## HOW TO COMPLETE THIS TASK
Only the pictures are dropped. Restate each line below word for word.

-------- RAW DATA

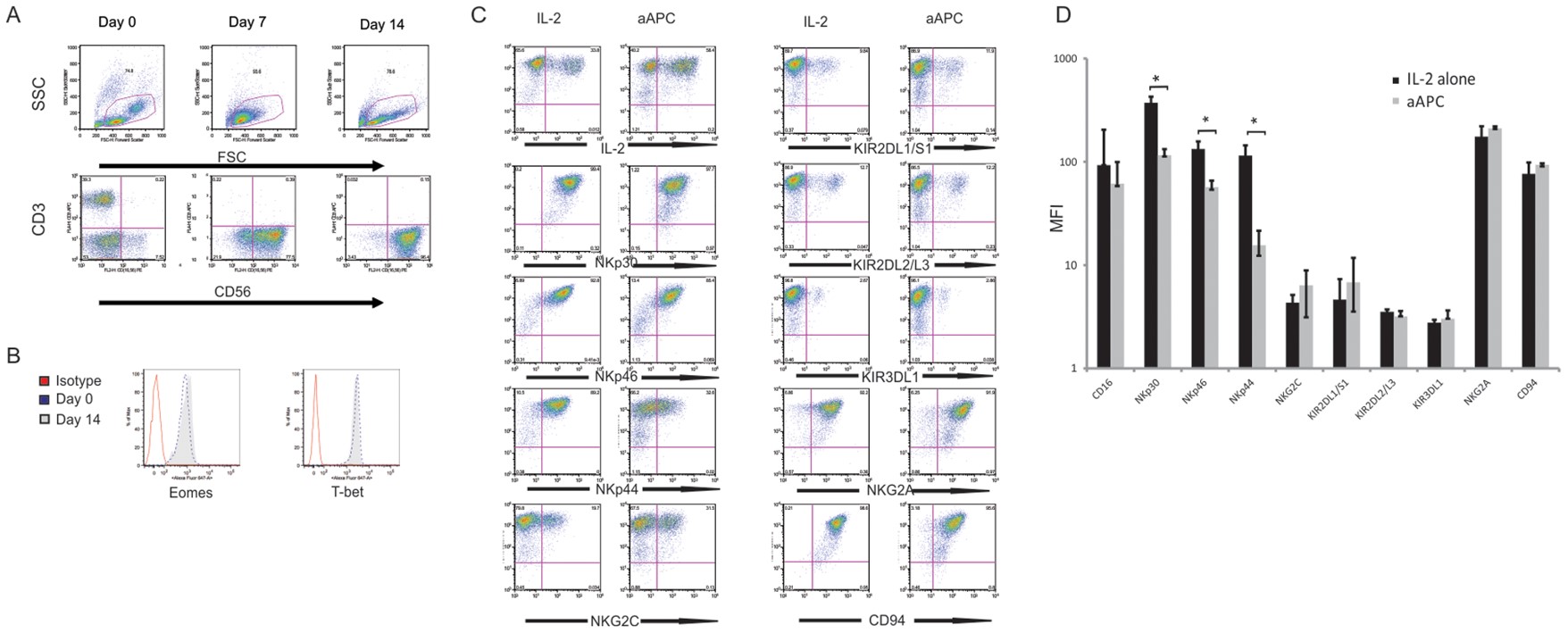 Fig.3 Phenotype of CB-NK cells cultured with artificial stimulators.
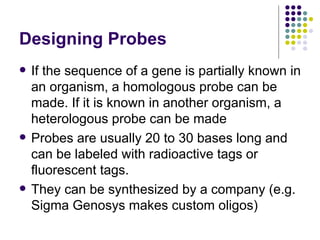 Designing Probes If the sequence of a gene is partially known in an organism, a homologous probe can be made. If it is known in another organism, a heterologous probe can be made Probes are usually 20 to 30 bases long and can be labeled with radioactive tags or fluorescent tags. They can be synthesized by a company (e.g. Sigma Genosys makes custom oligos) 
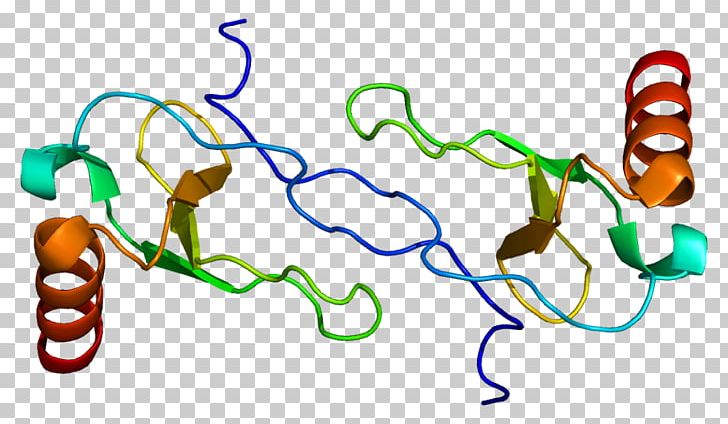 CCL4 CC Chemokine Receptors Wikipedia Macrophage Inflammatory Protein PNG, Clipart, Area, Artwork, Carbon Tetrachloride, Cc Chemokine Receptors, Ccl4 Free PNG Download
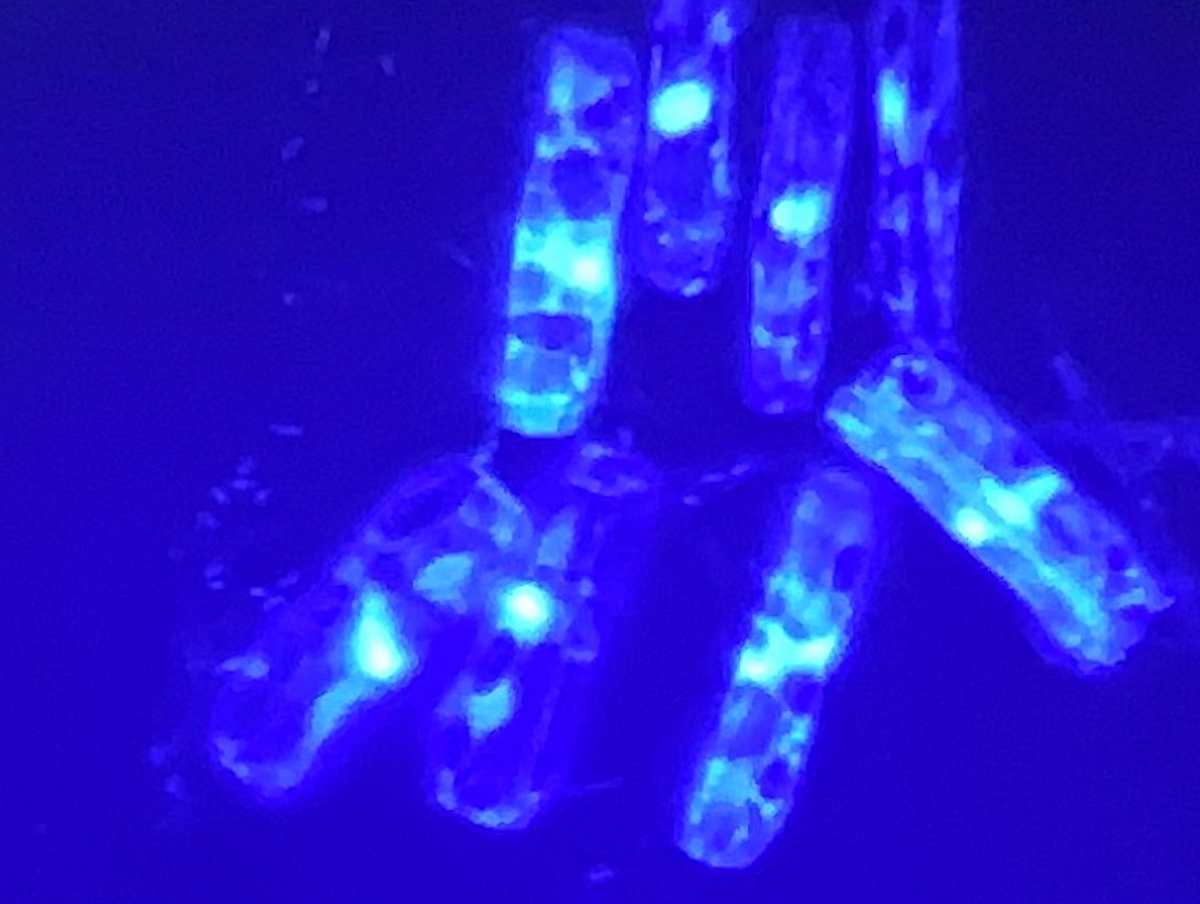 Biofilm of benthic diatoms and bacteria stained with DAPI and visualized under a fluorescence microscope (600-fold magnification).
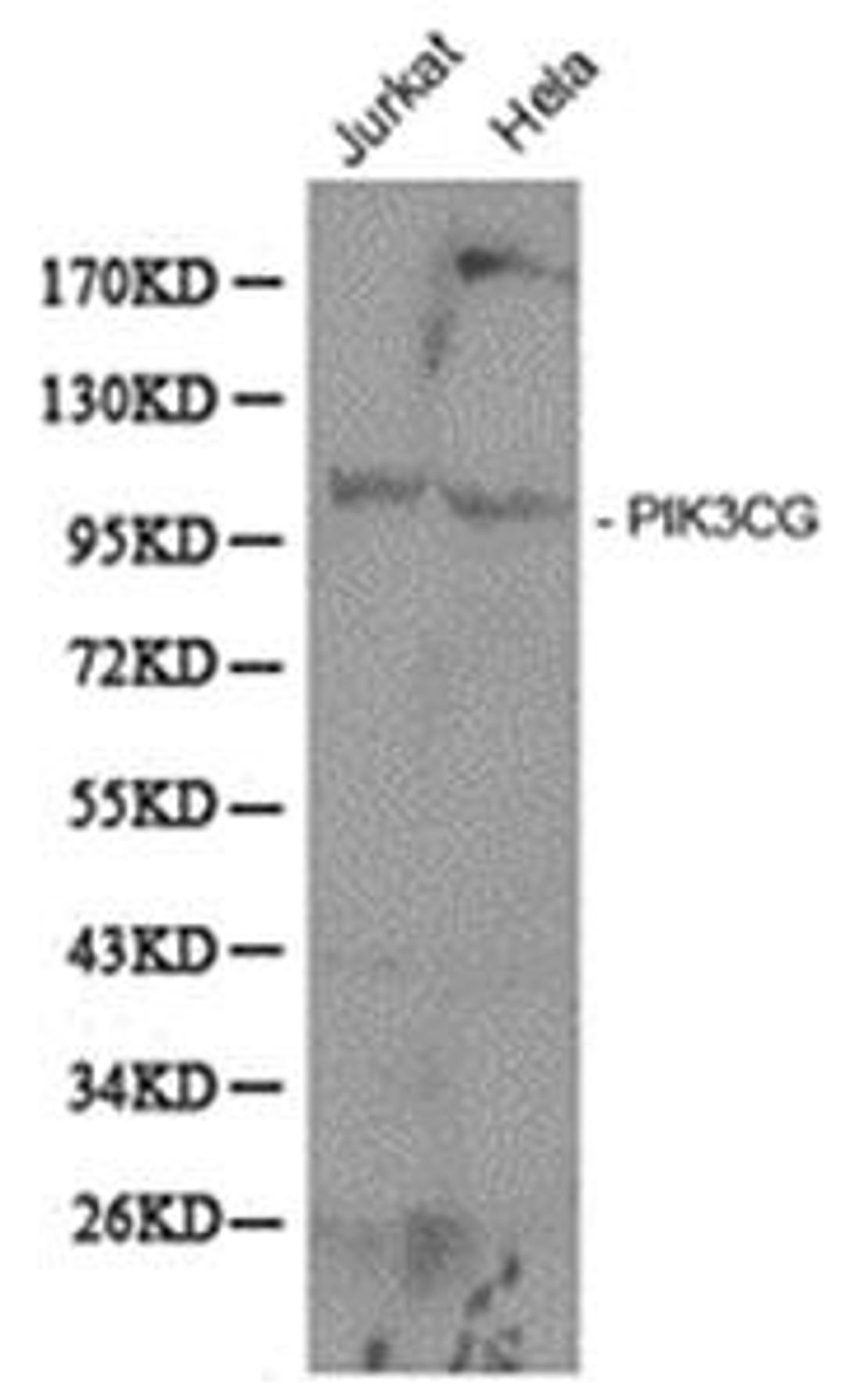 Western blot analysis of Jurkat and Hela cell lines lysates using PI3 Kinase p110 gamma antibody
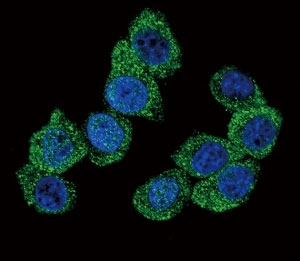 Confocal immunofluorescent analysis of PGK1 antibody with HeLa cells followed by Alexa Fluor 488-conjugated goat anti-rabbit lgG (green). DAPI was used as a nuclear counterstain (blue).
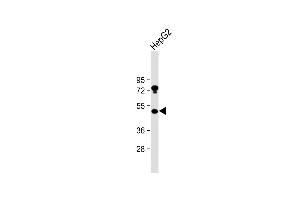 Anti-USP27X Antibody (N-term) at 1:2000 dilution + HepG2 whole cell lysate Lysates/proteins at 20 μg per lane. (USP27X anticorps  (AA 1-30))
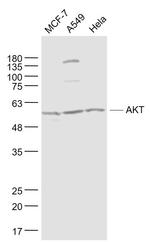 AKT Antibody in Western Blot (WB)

----------------

## RESPONSE FOR THIS EXERCISE
 Fig.3 Phenotype of CB-NK cells cultured with artificial stimulators.
 Designing Probes If the sequence of a gene is partially known in an organism, a homologous probe can be made. If it is known in another organism, a heterologous probe can be made Probes are usually 20 to 30 bases long and can be labeled with radioactive tags or fluorescent tags. They can be synthesized by a company (e.g. Sigma Genosys makes custom oligos) 
 CCL4 CC Chemokine Receptors Wikipedia Macrophage Inflammatory Protein PNG, Clipart, Area, Artwork, Carbon Tetrachloride, Cc Chemokine Receptors, Ccl4 Free PNG Download
 Biofilm of benthic diatoms and bacteria stained with DAPI and visualized under a fluorescence microscope (600-fold magnification).
 Western blot analysis of Jurkat and Hela cell lines lysates using PI3 Kinase p110 gamma antibody
 Confocal immunofluorescent analysis of PGK1 antibody with HeLa cells followed by Alexa Fluor 488-conjugated goat anti-rabbit lgG (green). DAPI was used as a nuclear counterstain (blue).
 Anti-USP27X Antibody (N-term) at 1:2000 dilution + HepG2 whole cell lysate Lysates/proteins at 20 μg per lane. (USP27X anticorps  (AA 1-30))
 AKT Antibody in Western Blot (WB)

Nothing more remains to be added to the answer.